This wholesome weekly meal plan has 5 days of simple breakfast and dinner recipes constructed from actual, healthful elements and a excessive protein focus in thoughts. Seize the free printable buying listing to make meal prep easy and stress-free.

Week 4 of our weekly meal plan is all about recent flavors, satisfying protein, and meals that really feel enjoyable whereas nonetheless being extremely doable. This lineup retains issues gentle, flavorful, and excellent for busy weeks once you need wholesome meals with out sacrificing style.
Breakfasts are easy and nourishing with choices like cottage cheese egg bites and a refreshing strawberry banana smoothie—simple to prep and nice to seize on the go. For dinner, anticipate daring, crave-worthy meals like steak gyros with tzatziki sauce, candy and sticky candy chili salmon, and a lighter shrimp stir fry with zucchini noodles that also delivers massive taste.

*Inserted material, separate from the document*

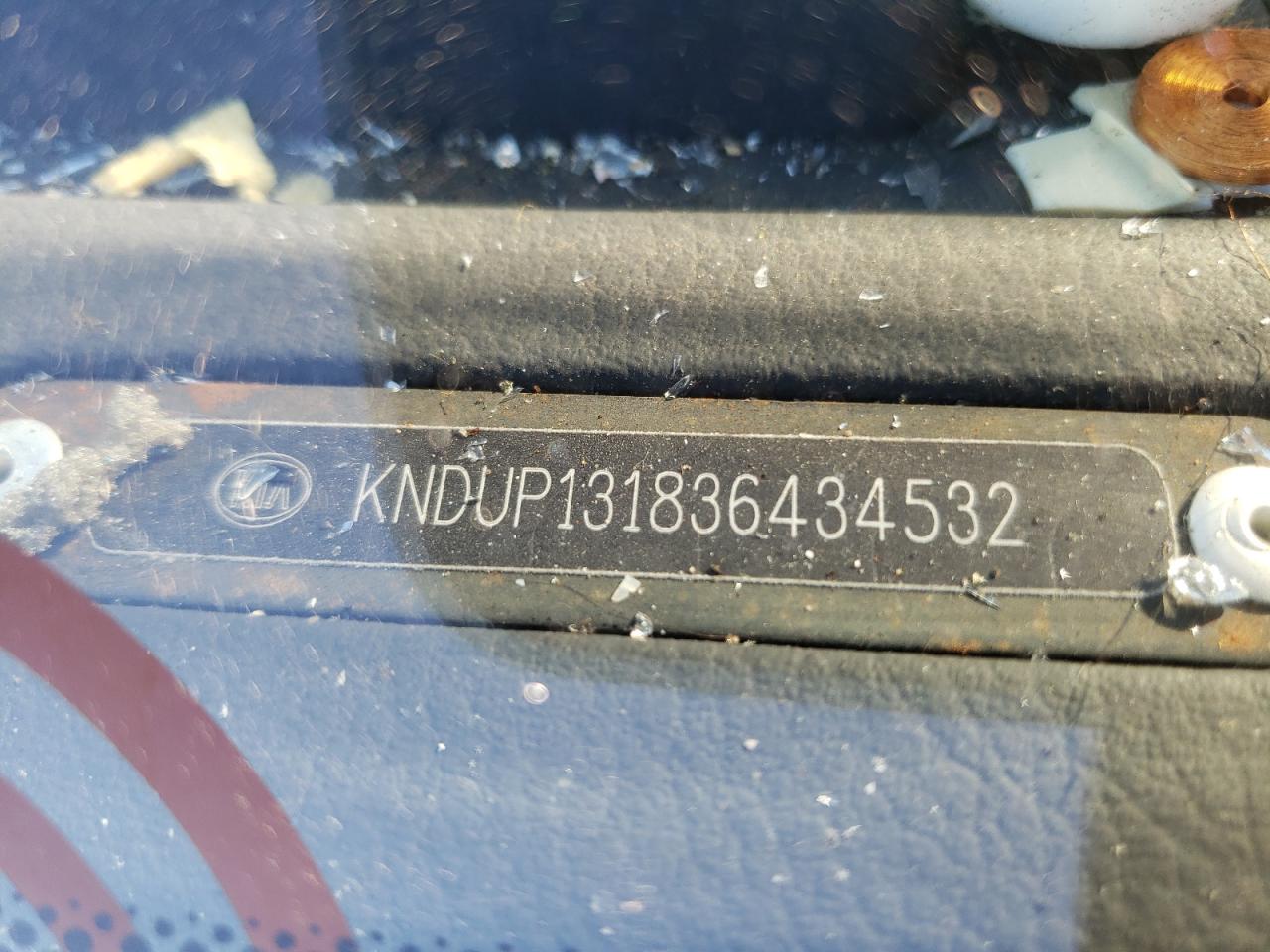 Photo 10 from auction – 2003 KIA SEDONA EX with VIN KNDUP131836434532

Simply click on the hyperlink beneath to get the meal and FREE printable grocery listing.
Monday
Cottage Cheese Egg Bites
This 30-minute cottage cheese egg bites recipe with ham, Dijon, and candy roasted peppers is a simple excessive protein on-the-go breakfast.
Tuesday
Strawberry Banana Smoothie
This candy and creamy Strawberry Banana Smoothie is simple to make with almond milk, oats and vanilla protein powder! It’s a brilliant refreshing breakfast or snack that’s excessive in protein and fiber! You’ll fall in love!
Wednesday
Banana Blueberry Baked Oatmeal
This Banana Blueberry Baked Oatmeal is a simple breakfast that may preserve you full all morning! Make a batch on Sunday for a fast breakfast all week lengthy! Straightforward Baked Oatmeal Blueberry baked oatmeal is ideal for meal prep! You can also make a pan of this on Sunday night time and have your breakfast able to
Thursday
Vegan No Bake Chocolate Brownie Vitality Balls
No Bake Chocolate Brownie Vitality Balls with lower than 10 elements. These wholesome vitality bites are vegan, gluten free and make the right fast breakfast or excessive protein snack.